As my job is to test bikes, I often get some pretty pimp kit to play with. Kashima covered forks, AXS wireless shifting, carbon wheels, and eBikes that cost as much as a car. And I do enjoy all that high-end gear, but when it comes to my own builds, I much prefer an underdog or to hunt out a bargain. For drivetrains, I usually opt for a Shimano SLX system with XT shifter, or SRAM GX, but after my experience with the Advent X I think I’ll be saving big on my next build.
Microshift Advent X – What is it?
The Advent X is a 1 x 10 wide-range drivetrain, or more accurately a shifting system because Microshift doesn’t manufacture chainsets, chainrings or chains just yet.

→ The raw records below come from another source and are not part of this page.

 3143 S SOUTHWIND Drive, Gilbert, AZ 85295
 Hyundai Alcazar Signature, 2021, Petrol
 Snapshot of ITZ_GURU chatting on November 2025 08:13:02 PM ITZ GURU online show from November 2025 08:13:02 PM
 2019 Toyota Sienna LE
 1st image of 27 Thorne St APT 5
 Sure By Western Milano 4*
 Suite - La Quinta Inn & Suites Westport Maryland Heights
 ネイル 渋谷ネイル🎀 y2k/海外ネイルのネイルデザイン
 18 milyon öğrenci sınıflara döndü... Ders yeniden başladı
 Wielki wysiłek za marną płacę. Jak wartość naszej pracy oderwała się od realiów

It consists of a rear mech, shifter and a wide-range 1 x 10 cassette. Each of the components is available individually and there are a few options when purchasing.
Do I know anyone riding Advent X?
Martha Gill of Gowaan Gals and EWS fame rides Microshift Advent X on her Marin enduro bike, and I would imagine if the system performs well enough and is durable enough for one of the fastest women in the EWS it’s more than good enough for the majority of us.
Microshift Advent X Reach Mech
- Price: £78 all-alloy £70 with the steel cage
The Advent X rear mech is a fraction of the cost of most traditional rear derailleurs and despite being manufactured from chunky alloy and steel it weighs an impressive 313g, not a huge amount more than an XT mech.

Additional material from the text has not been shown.